*** Provided information Section Begins ***

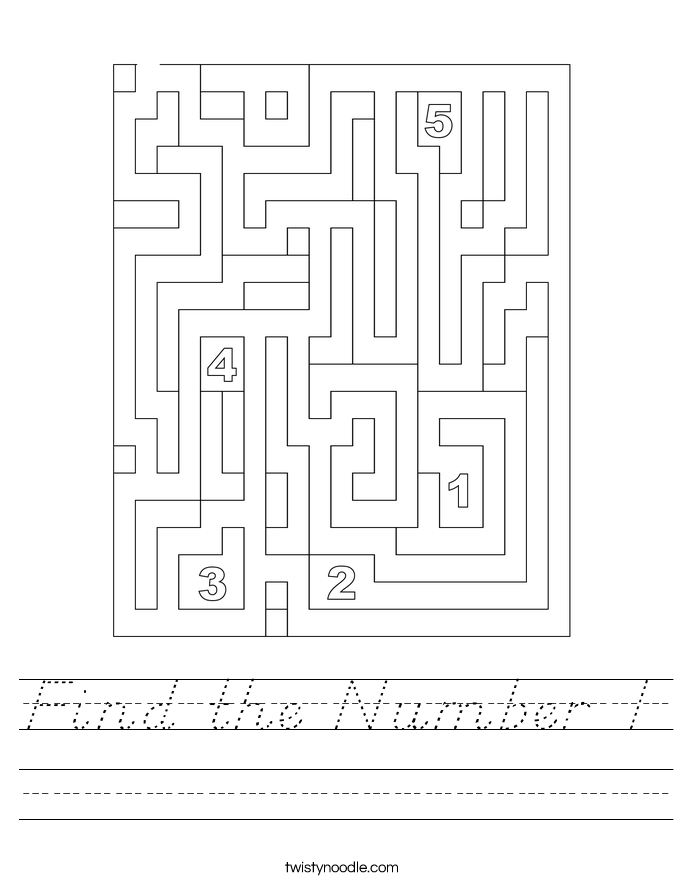 find-the-number-1-worksheet-d-nealian-twisty-noodle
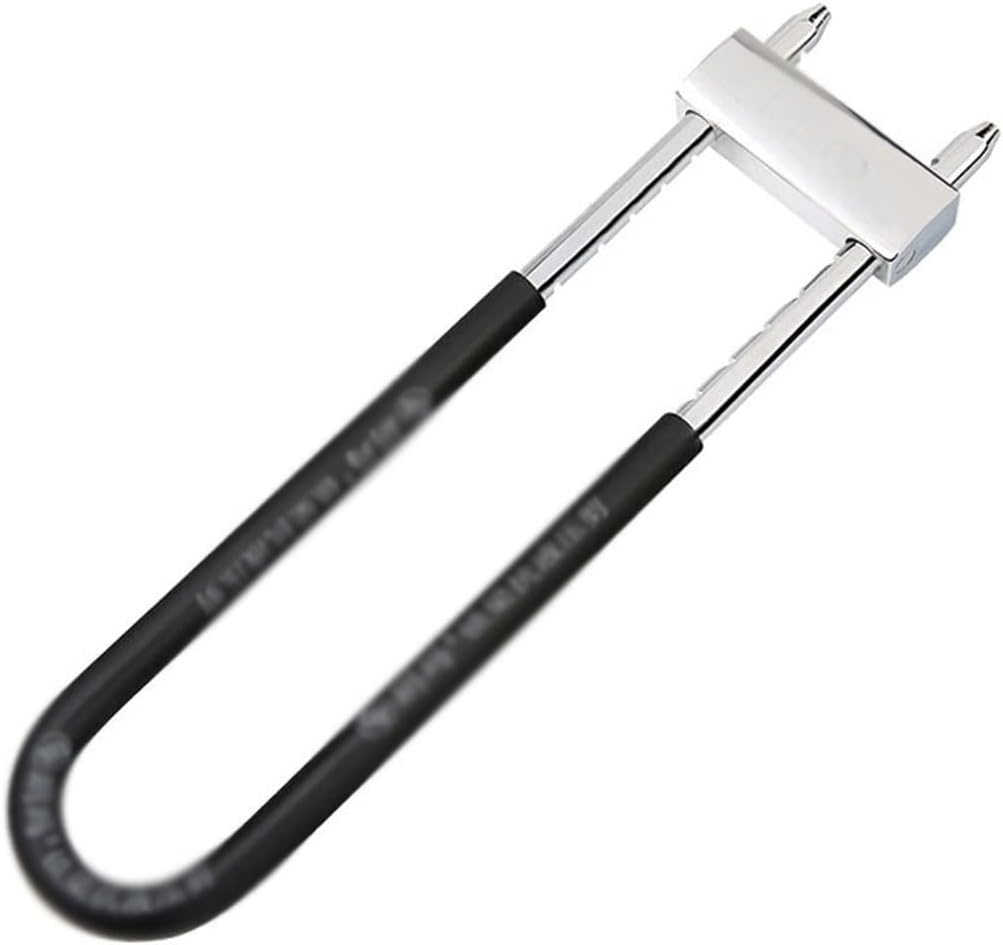 Heavy Locks U Lock for Bikes Glass Door Lock, for Heavy Duty Protection Long Bicycle Padlock Locking Space 320mm/12.5in Black U-Locks for Bicycles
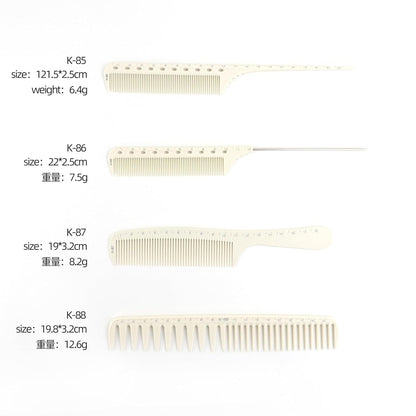 13-teiliges hitzebeständiges professionelles Kamm-Set für Haarstyling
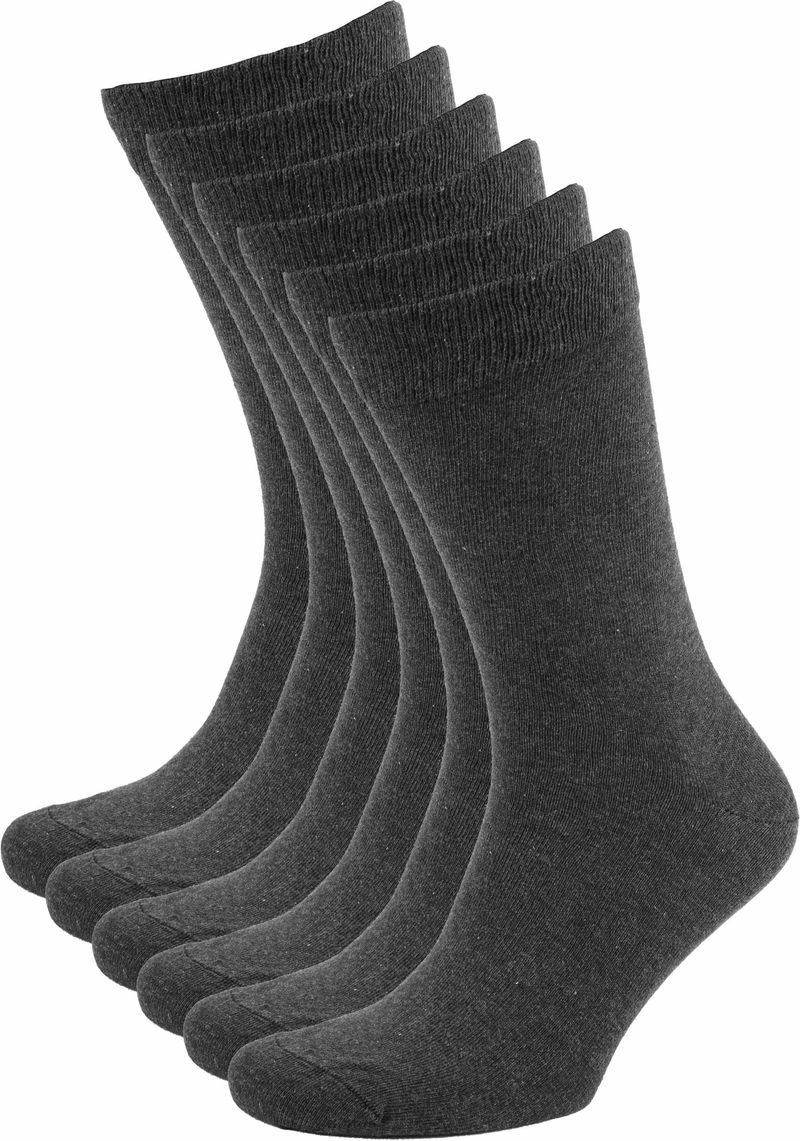 Suitable Bio-Baumwolle Socken Dunkelgrau 6-Pack - Größe 42-46 günstig online kaufen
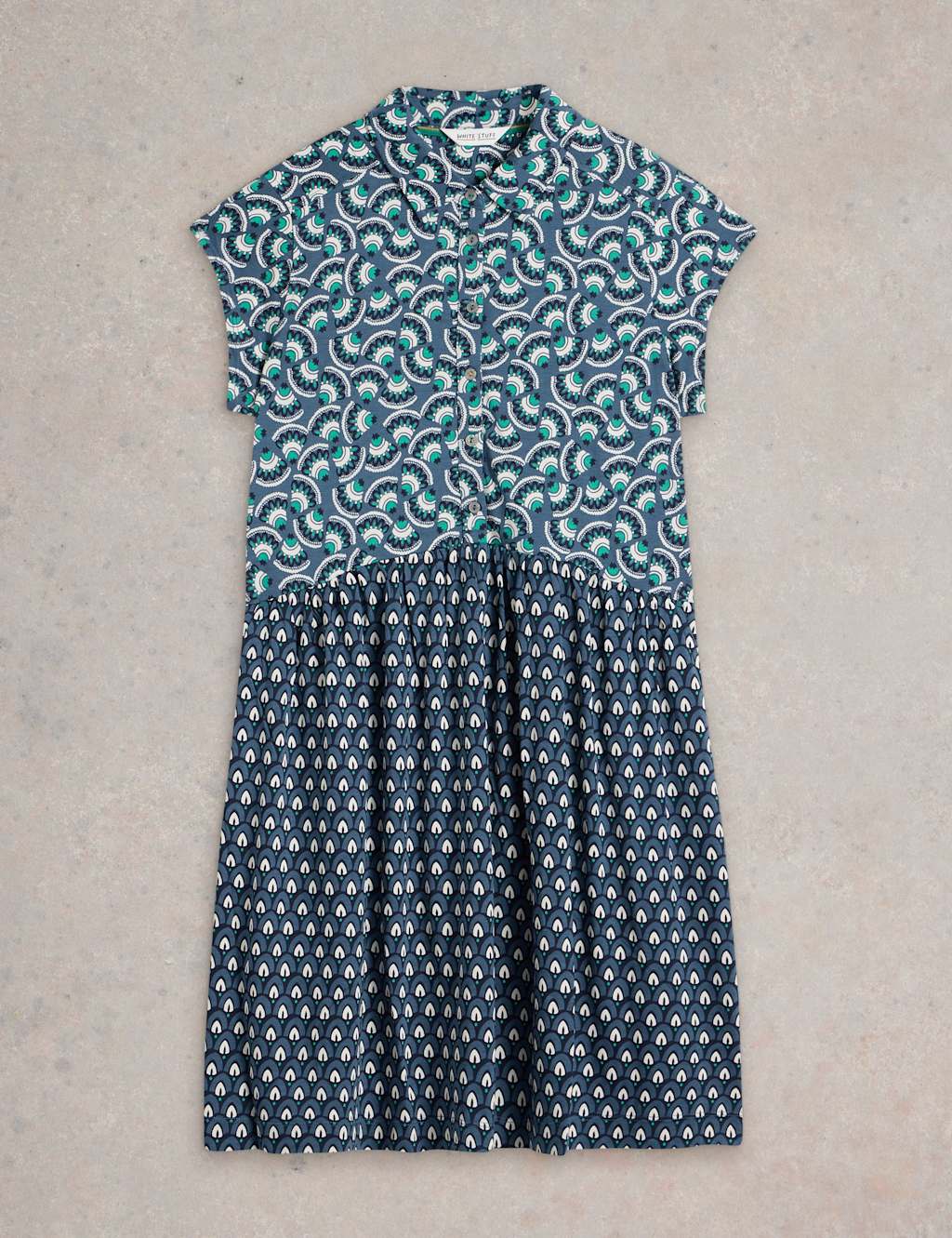 Jersey Printed Relaxed Shirt Dress
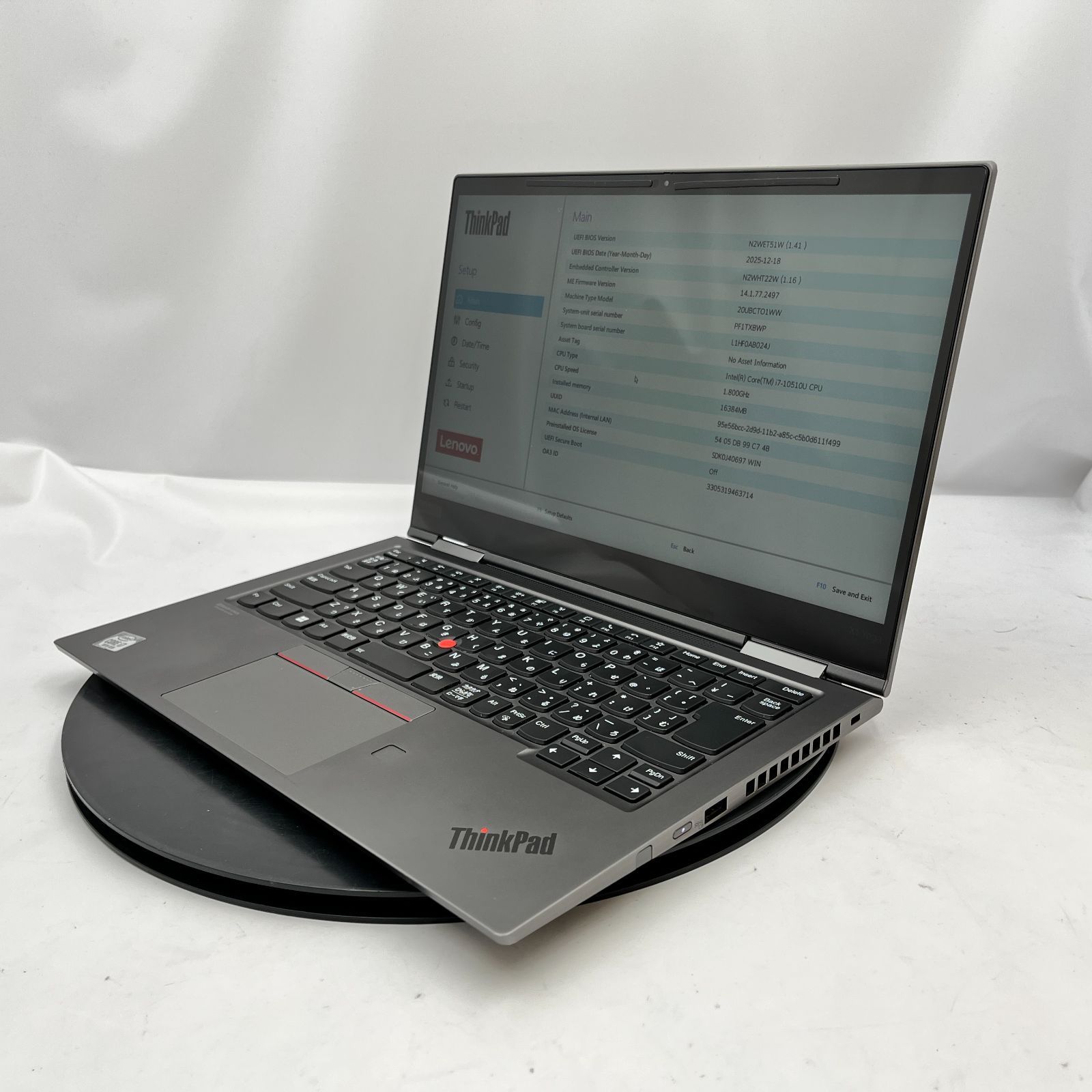 ☆ジャンク/スライドパッドボタン不良☆Lenovo ThinkPad X1 Yoga Gen 5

*** Provided information Section Ends ***

Pictures aside, print exactly the lines above starting with the one containing "Heavy Locks U" and going on through the one containing "13-teiliges hitzebeständiges professionelles".

◆ **Answer for the task**:
 Heavy Locks U Lock for Bikes Glass Door Lock, for Heavy Duty Protection Long Bicycle Padlock Locking Space 320mm/12.5in Black U-Locks for Bicycles
 13-teiliges hitzebeständiges professionelles Kamm-Set für Haarstyling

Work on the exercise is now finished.